We know from the 2019 survey data that this sample spans the whole spectrum of engagement. In 2019, only about half of the respondents reported a 5⁄5 or a 4⁄5 level of engagement with EA (someone working at an EA organisation would be at ‘5’). So, we should also expect it to be an overestimate of the drop out rate among the more engaged.
In 2020 we will be able to apply the same method among a subset of more engaged respondents.
5. 80k’s ‘top plan change’ data
We looked at people whose plan changes we have at some point classified as ‘top plan changes’ or ‘rated-100 plan changes’ (in our previous system), and considered whether they seemed to us to have dropped out of EA.
There are 16 top plan changes, and another ~11 who were counted as rated-100 plan changes in our old system, covering a wide range of career paths.
We think the level of engagement of this group is very high: we’ve previously estimated that there are only around 300 longtermist EAs who are at the level of capability/dedication/engagement typically needed to make these plan changes – so this is probably a stricter measure of engagement than self-rating as 5⁄5 on the EA survey, working at an EA organisation, or being a 50% donor equivalent.
Among this group, we didn’t find any cases of drop out from the community.
The average top plan change has been counted for about 2 years, so we could roughly say we measured a 0% drop out rate over 2 years.

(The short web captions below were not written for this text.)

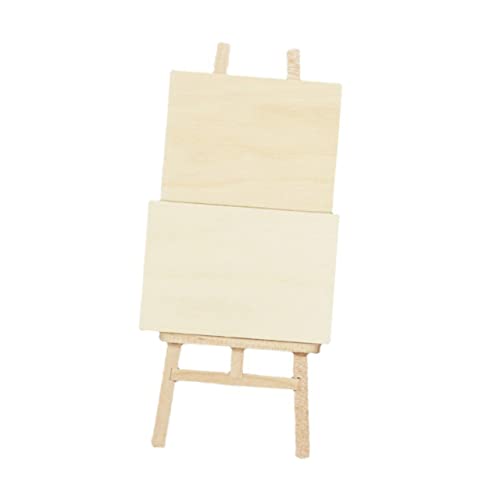 BESPORTBLE Miniatur Staffelei aus Holz Teiliges Set mit Mini Staffelei und Kunsttafeln Robuste Puppenhaus Dekoration Natürliche Holzfarbe Langlebig und Realistisch für DIY Landschafts und BESPORTBLE Miniatur Staffelei aus Holz Teiliges Set mit Mini Staffelei und Kunsttafeln Robuste Puppenhaus Dekoration Natürliche Holzfarbe Langlebig und Realistisch für DIY Landschafts und von BESPORTBLE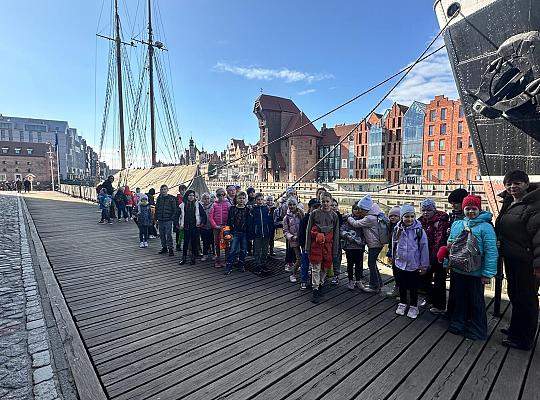 Uczniowie klas I - III na wycieczce w Gdańsku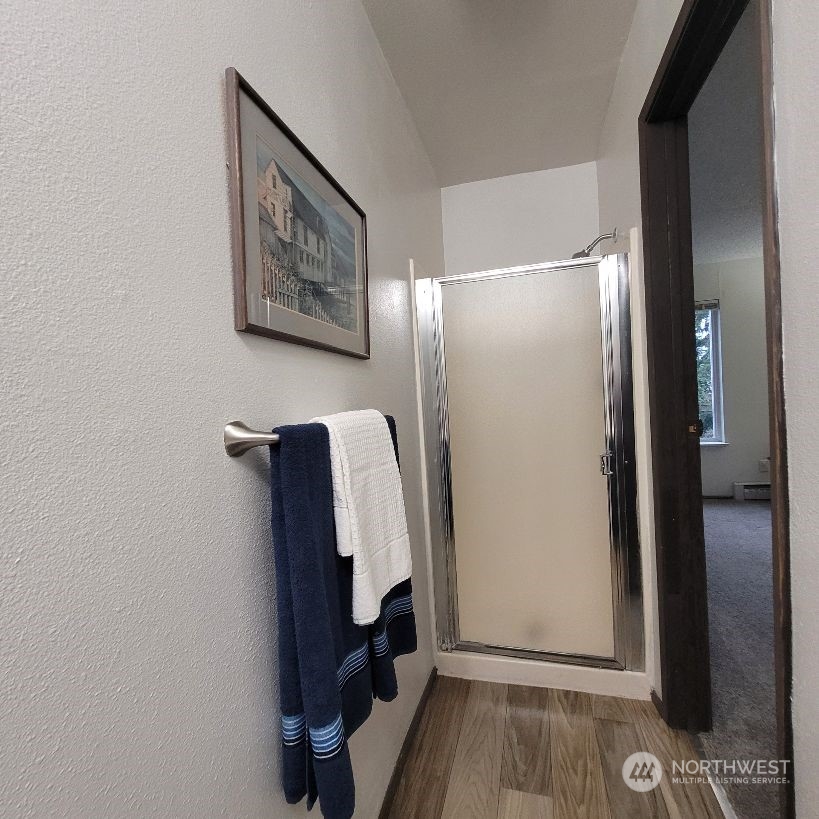 Primary ensuite bathroom with shower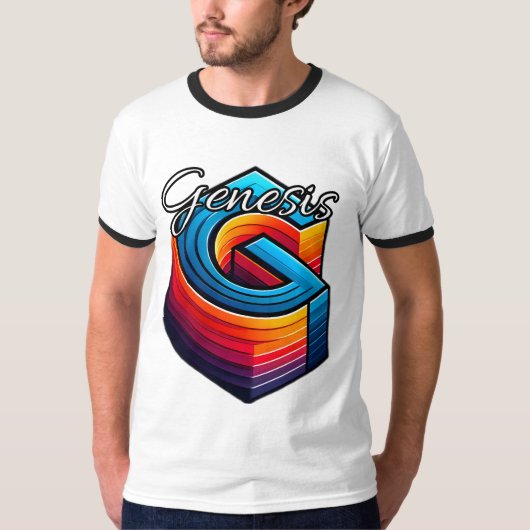 Heren Basic Ringer T-shirt (Voorkant)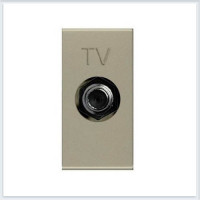 N2150.7 CV - Механизм ТВ розетки, простой, 1-модульный, серия Zenit, цвет шампань - 2CLA215070N1901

One counter might be that people are unlikely to drop out in the couple of years after changing jobs.
6. Giving What We Can’s data
In their 2014 impact evaluation, GWWC very roughly estimated a 5% per year drop out rate. This would be 23% over 5 years.
I would expect this rate to be on the high end, since many GWWC members are less integrated into the community than those in some of the other samples, though it’s also less demanding—which could make it easier to stick with.
There was also a more recent estimate using the 2018 EA Survey data, which aimed to estimate which fraction of those in the survey are fulfilling their pledge. My view of how to interpret this data is in line with AGB, who said:
My best guess thinking over all this would be that 73% of the GWWC members in this EA survey sample are compliant with the pledge, with extremely wide error bars (90% confidence interval 45%-88%).
Note that many of those who don’t fulfil the pledge, still donate a significant amount, so this is more an estimate for decreased involvement than drop out.
On the other hand, the GWWC members who fill out the EA Survey are likely to be more engaged than average, so this could suggest a higher drop out rate across the whole sample.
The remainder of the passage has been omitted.